Vitamin C deficiency is rare in Australia since most people eat plenty of fresh fruit and vegetables each day as part of a balanced diet; however, if your diet consists mainly of junk food, then you may want to consider taking supplements daily until you start eating healthier again (the same goes for folic acid). An orange contains around 90mg, so eating one or two oranges daily should provide all the vitamin C your body needs without any side effects."

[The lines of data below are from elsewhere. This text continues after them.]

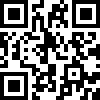 https://isna.ir/xdGMbY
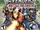 Marvel Avengers: Battle for Earth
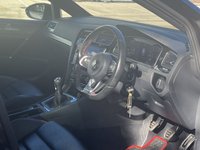 USED 2017 17 VOLKSWAGEN GOLF 2.0 GTI TSI 5d 227 BHP WARRANTY INCLUDED - NATIONWIDE DELIVERY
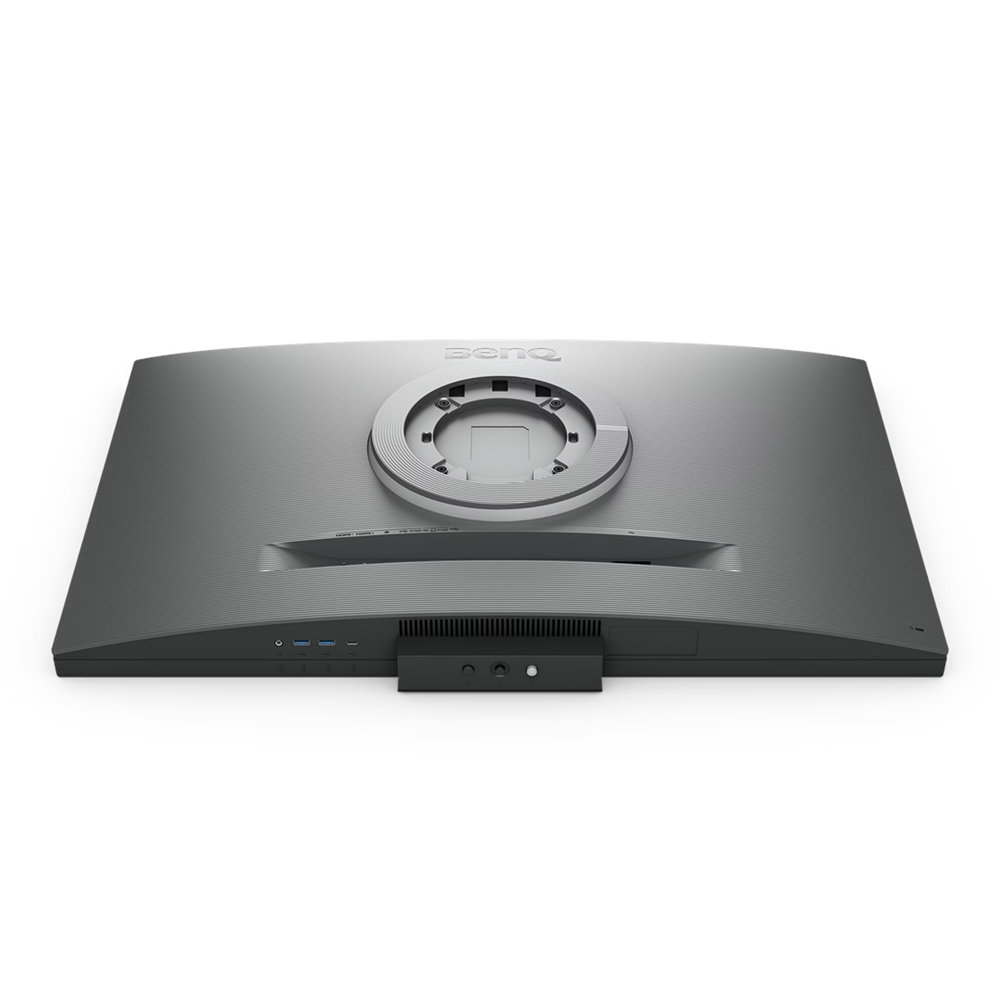 BENQ 31.5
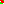 Destellos dst-8520828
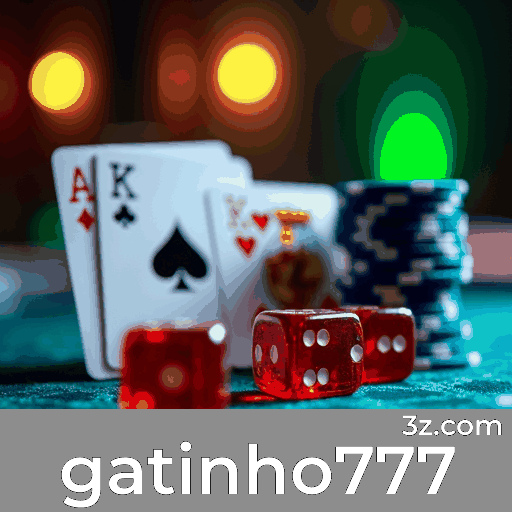 gatinho777
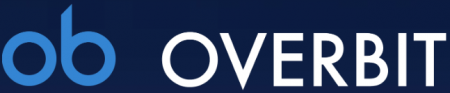 Overbit Logo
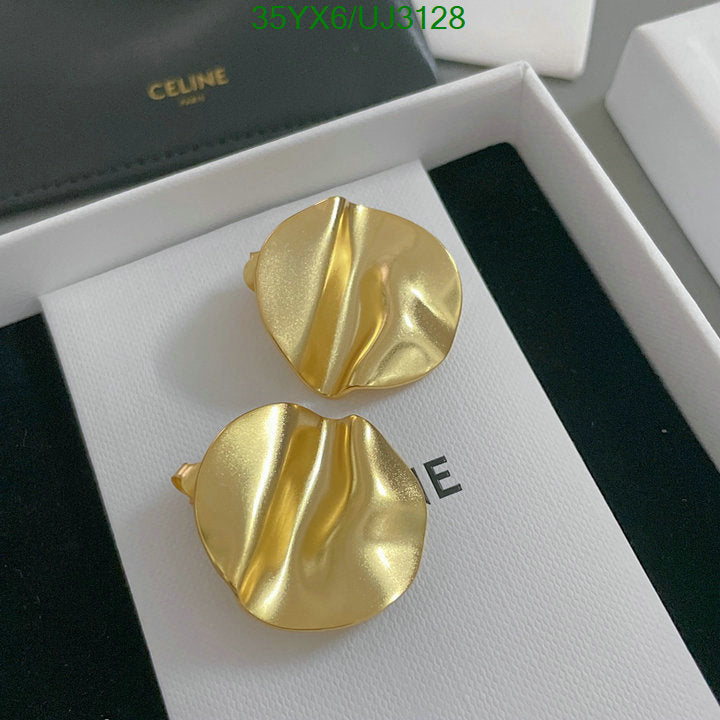 SAMC - COL Jewelry - 039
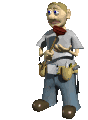 plumber_plunger_mc.gif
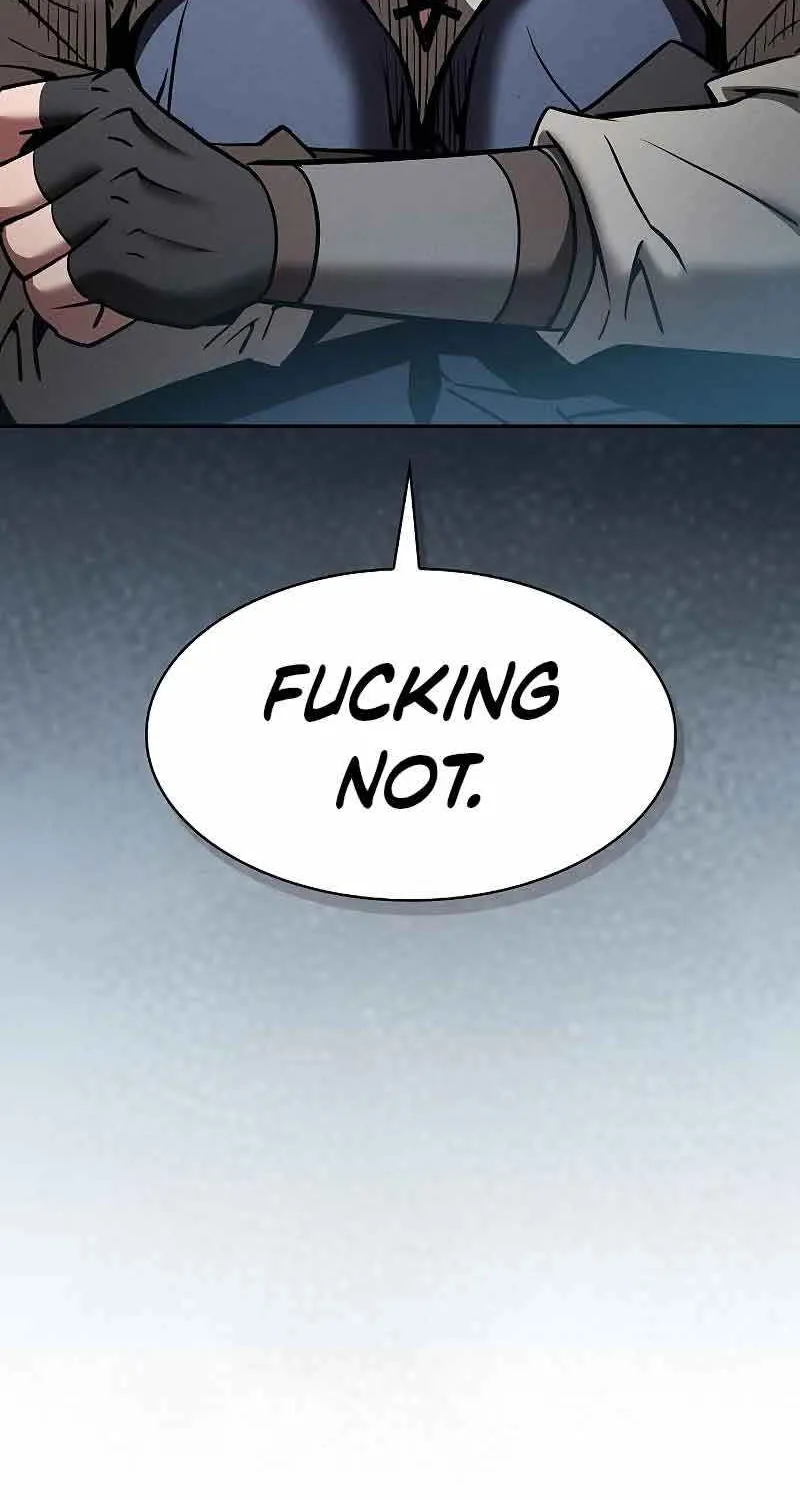 Read Academy’s Genius Swordmaster chapter 12 image 76 on Lezhin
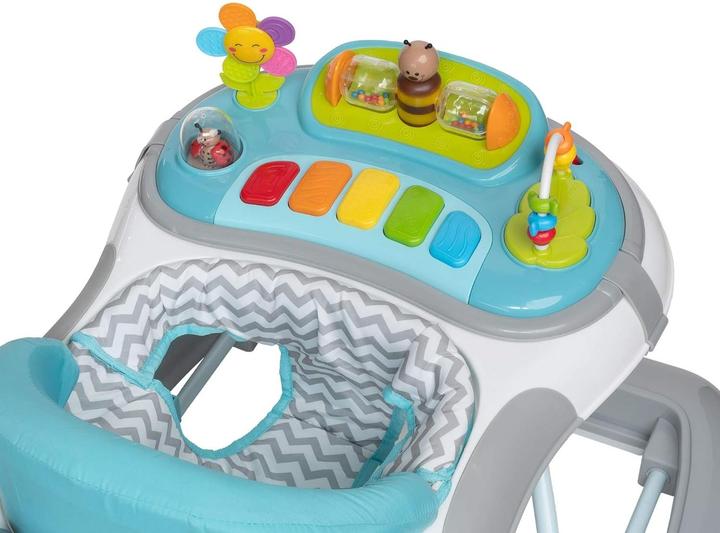 Immagine prodotto IB-Style Passeggino 5in1 "Wave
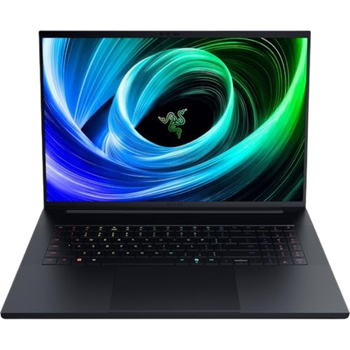 Razer Blade 18 (2025)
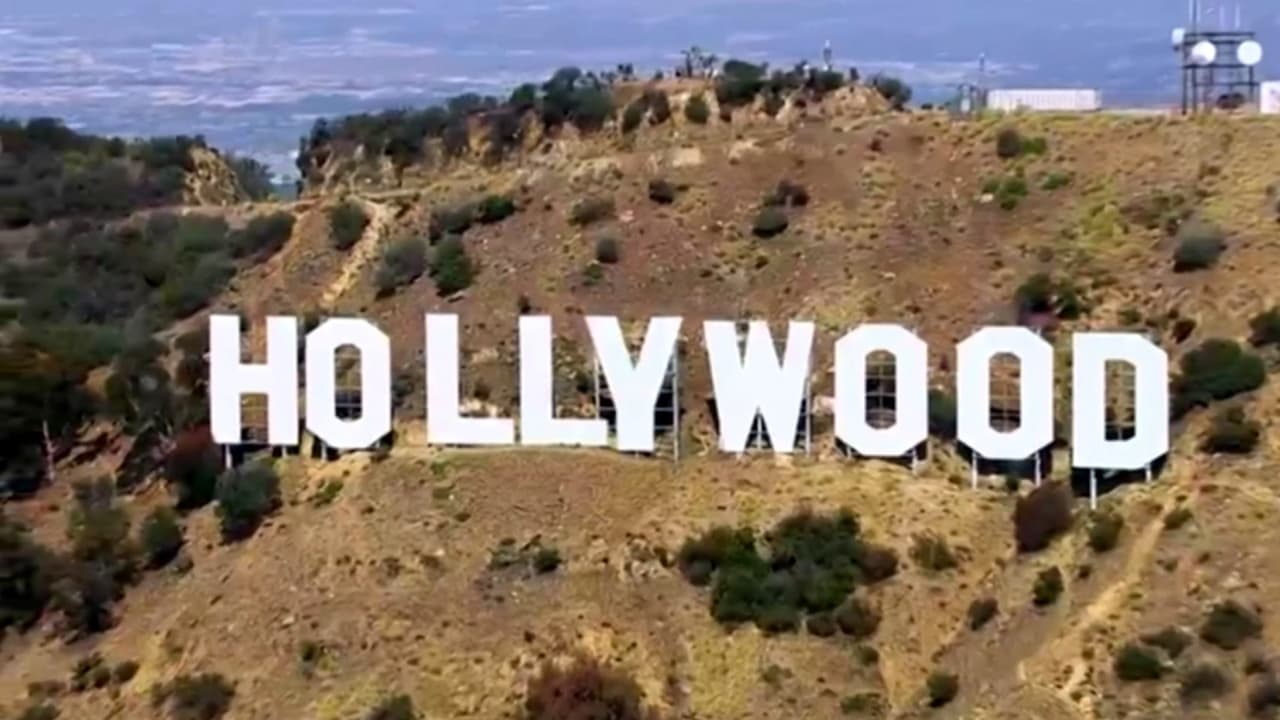 Paseo de la Fama en Hollywood genera decepción entre turistas por su deterioro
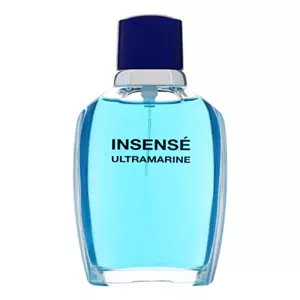 Givenchy Insense Ultramarine - Интернет-магазин. Kalinka-parfum.ru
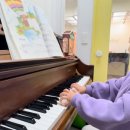 줄리어드피아노학원 이미지
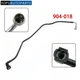 For Chevrolet Silverado 1500 Crew Cab Extended Cab Pickup Rear Fuel Supply Line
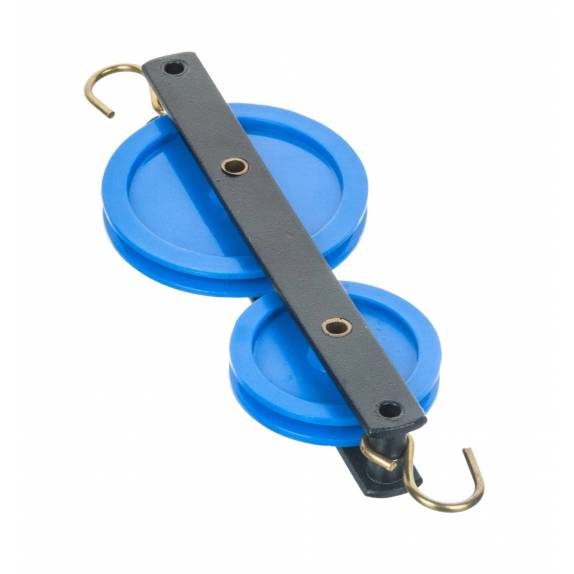 LABWARE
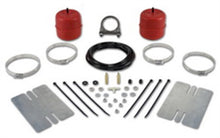 Load image into Gallery viewer, AIRLIFT 1000 Air Spring Kit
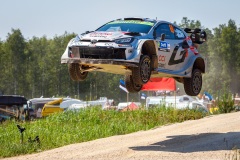 c_wrc005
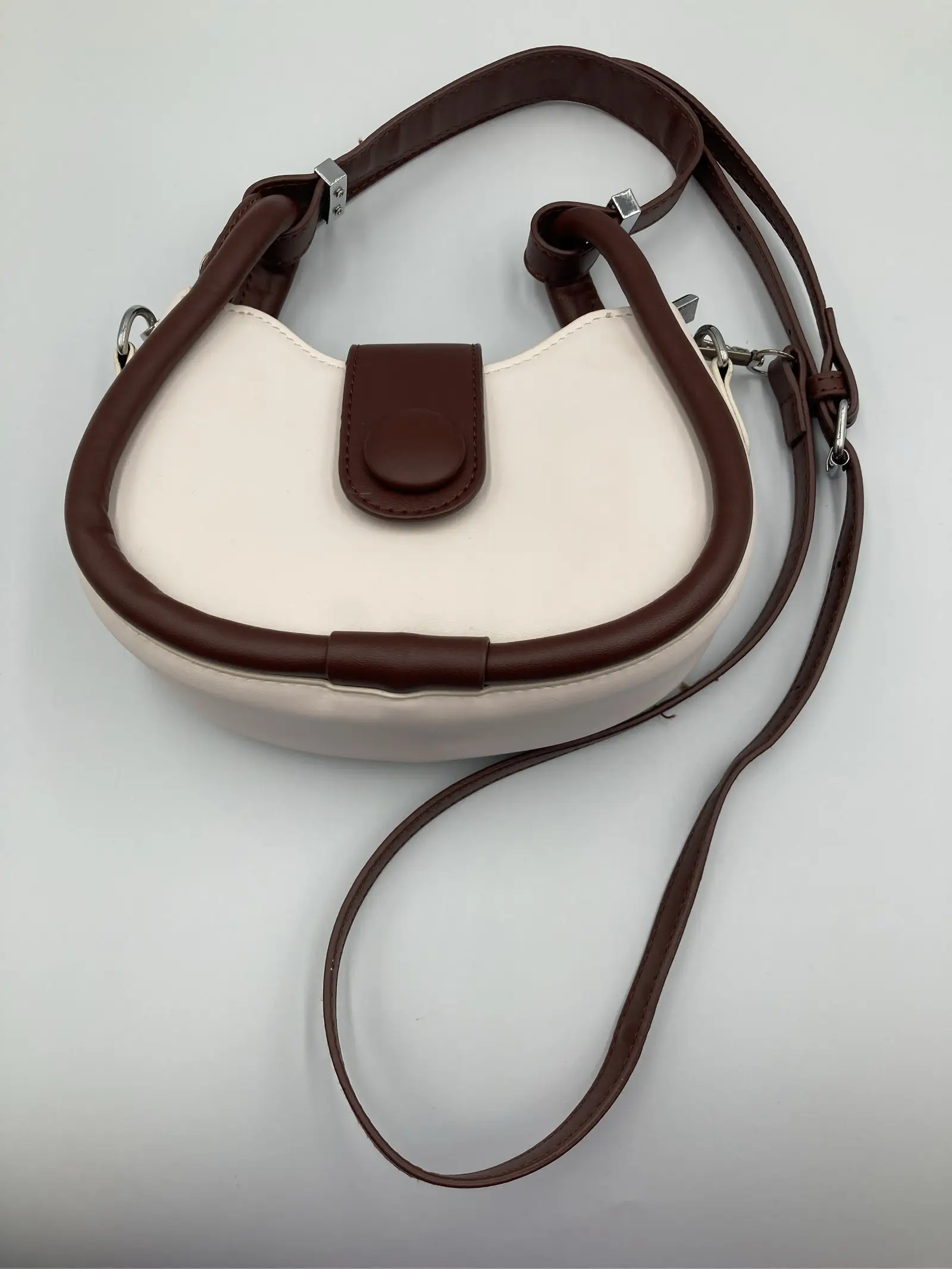 https://r2-worker.digdig.jp/product/18a06217-b339-4079-8ce2-5f8b026bb632/4e591322-516b-4e3c-a5fd-b9620094191b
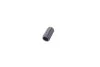 Ремкомплект суппорта заднего Citroen C4/Toyota Avensis 06- (d=38mm)(Bosch)(+поршень) Frenkit FRENKIT 238958 (фото 6)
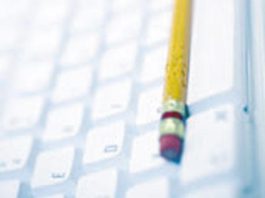 Around Town: Poppy Jasper International Film Festival concludes successful showing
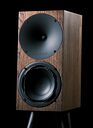 Buchardt Audio Anniversary 10 Smoked Oak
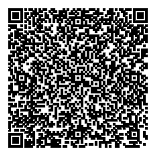 QR код гостиницы Спа Отель Лагуна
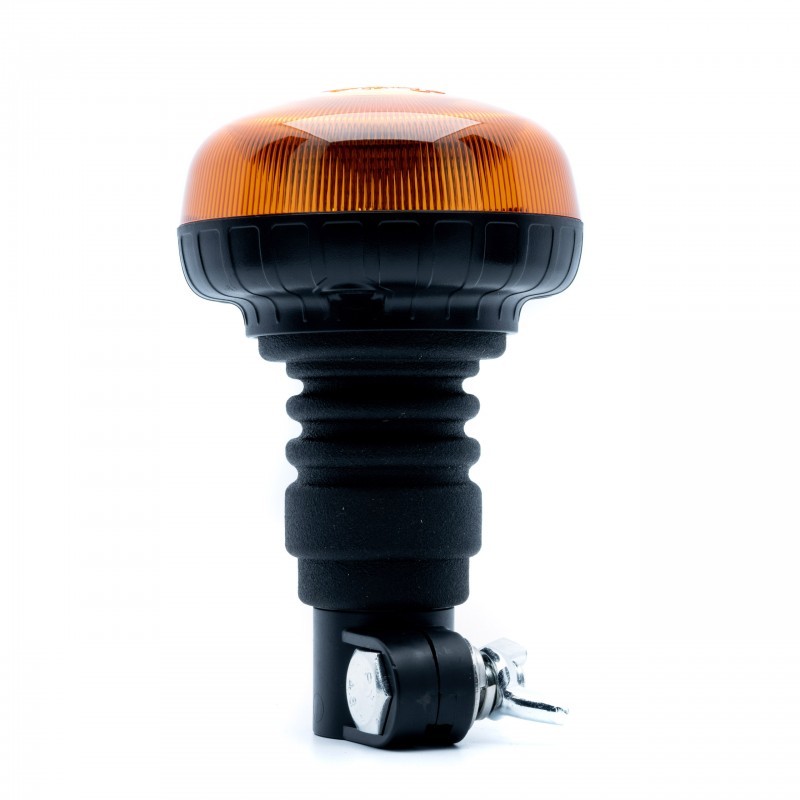 LED Maják 54W 12/24V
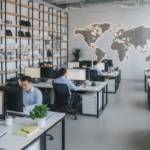 China Sourcing Company: 2026 Buyer's Guide [Verified Agents]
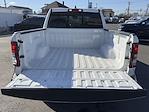 Used 2024 Ram 1500 Lone Star Crew Cab for sale #SU9133A - photo 8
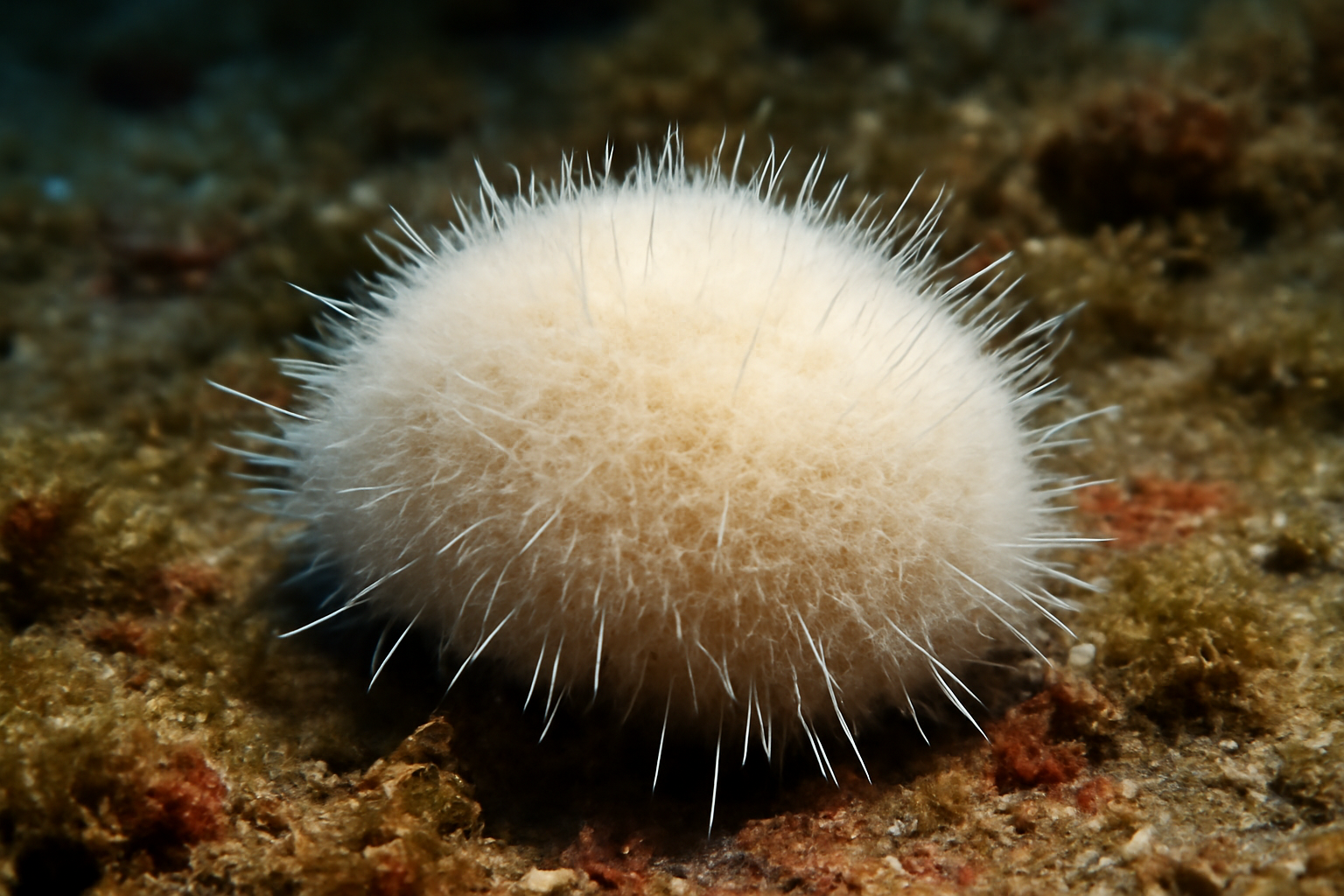 Hymeraphia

People who are vitamin C deficient may benefit from extra vitamin C
If you're vitamin C deficient, it makes sense to take in more of the nutrient. People who are vitamin C inadequate may benefit from extra vitamin C.
People with a known deficiency should speak with their healthcare provider about how much extra vitamin C to take and how long.
Some believe high doses of vitamin C will help prevent or treat the common cold, but the evidence is mixed. In some studies, people with certain conditions who took large amounts of supplemental vitamin C experienced fewer infections like colds than those who took only one or two grams. However, other studies have found no effect of supplementation on infection rates in non-deficient populations (4). A meta-analysis also found no benefit overall (5).
Vitamin C is essential for your health, but extra vitamin C won't prevent or treat colds
Vitamin C is an essential nutrient for the human body. It plays a role in immune function, wound healing, and bone and eye health. Vitamin C is obtained from food sources such as fruits and vegetables.
Some research suggests that taking a high daily dose of vitamin C can help to reduce your risk of developing a cold when exposed to cold viruses. However, this research has been inconsistent, and it's not clear what dose of vitamin C is needed for the potential benefit or whether other nutrients, such as zinc, may be necessary for preventing colds.
In conclusion, we can say that the evidence is not yet clear on whether vitamin C can prevent or treat colds. There are some signs of benefit during the early stages of a cold, and even then, the effect is not enormous. However, this may be more likely if you're under significant physical stress. If you want to take vitamin C regularly to reduce your risk of catching a cold, then it's best to consult with your doctor, who will advise accordingly based on their knowledge and experience.